A fugitive people within a nation is tyranny.

As lawmakers meet in Annapolis this month to examine possible reforms to the state’s criminal justice system, we hope they will take a hard look at a related issue as well: The plight of inmates who fall behind on their court-ordered child-support payments, which continue to accumulate while they’re behind bars and which leave them with crushing debts they cannot possibly pay off when they are eventually released. [“American Poverty: An American Criminal Subclass“}

That’s because inmates who are ordered by the courts to make child support payments that seem reasonable when they’re working lose those incomes — but not their obligation to pay — while they are incarcerated. The amounts in arrears can climb into the tens of thousands of dollars, and because these convicts emerge from prison saddled with a criminal record, it can be difficult, if not impossible, for them to find a job that allows them to pay off what they owe. All too easily, their involvement with the state’s child-support enforcement authorities can leave them with a lifetime of indebtedness.

The consequences for them and their children can be devastating. Sixty-five percent of the inmates in Maryland’s prisons are parents, and most of them want to participate in some way in their children’s upbringing. When they can’t, it’s likely to not only alienate them from their partners and children but also to compound the problems they face finding a job, getting an education and avoiding returning to a life of crime.

Some inmates come out of prison so overwhelmed by accumulated debt and shamed by their inability to pay that they are actually discouraged from contacting their families. Others feel the only way to meet their obligations is by selling the drugs that got them incarcerated in the first place.
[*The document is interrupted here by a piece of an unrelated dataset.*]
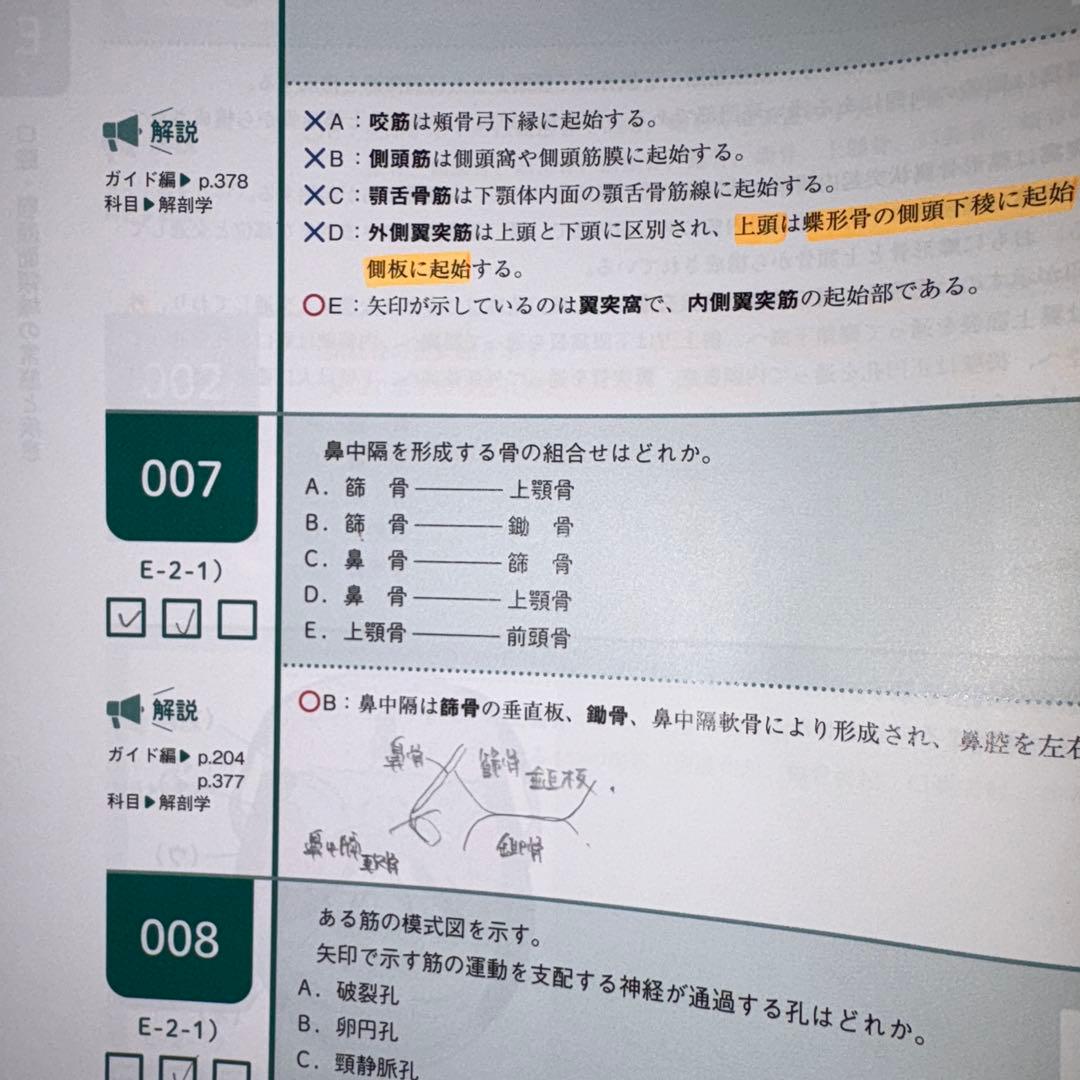 ☆みみ☆CBT PASS 問題集 2023 臨床系 第8版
Both are inimical to policies aimed at enlisting the support of families in the re-entry process.

The federal government and some states, including Maryland, have explored pilot re-entry programs that match up newly released inmates with service providers, such as the Center for Urban Families in Baltimore, that offer temporary housing as well as job training and employment counseling. But such programs are small compared to the need. States must begin focusing on preparing incarcerated parents for release earlier and helping them navigate child-support issues so they don’t emerge from prison thousands of dollars in arrears with little prospect of ever paying such sums off.

In Maryland, custodial parents are entitled to collect child support even when the non-custodial parent is incarcerated. If an inmate can’t pay, and if the family is eligible for public assistance, the state pays an equivalent amount to the custodial parent, then seeks to recover the funds upon the incarcerated parent’s release.

Under a law passed in 2012, state authorities can temporarily reduce or suspend inmates’ financial obligations while they’re in prison. But they can’t alter the terms of a child support order issued by the courts to reflect an inmate’s reduced earning capacity while locked up, nor can they forgive accumulated debt that is owed directly to a custodial parent rather than to the state. [“Unemployment, Child Support & Bradley Law“; “Bradley Law and Real Justice“; “The Bradley Amendment Child Support Mess“; “New Legal Research Available on Bradley Amendment“]

Nevertheless, Maryland could significantly ease inmates’ re-entry into society if its laws allowed child support officials to modify child support orders to reflect inmates’ actual earning power on release. The state already has a debt abatement program that allows inmates have their cumulative debt reduced by half if they make their support payments on time for 12 straight months; if they continue doing so for 12 more months the state can forgive entire amount remaining in arrears.

That represents progress, but it doesn’t take into account the fact that most recently incarcerated parents still won’t earn enough to make regular payments at the same level that was set based on their earning power before they went to prison. So they fall behind on their payments again and the vicious cycle of debt accumulation resumes.

Lawmakers could address this problem by authorizing The Department of Human Resources to modify court-ordered child support payments to make them more accurately reflect the current earning power of recently released inmates. That simple change would allow many more inmates to pay off what they owe the state as reimbursement for public assistance to their families, but leave undisturbed payments owed directly to a non-custodial parent. Moreover, it would cost the state relatively little to forgive debts that, in any case, stood very little chance of ever being collected.

Critics may charge that such a plan amounts to a free ride for deadbeat dads and moms. It isn’t. Rather, it’s simply a recognition that most people in Maryland’s prisons are poor and that saddling them with mountains of debt for unpaid child support is counterproductive. Nationwide, four out of 10 single parents live below the poverty line. Nobody’s is going to get rich because of a change in the law that acknowledges that reality. It’s in everyone’s interest to bring parents recently released from prison out of the shadows so they can begin to fulfill their obligations to their families and their communities.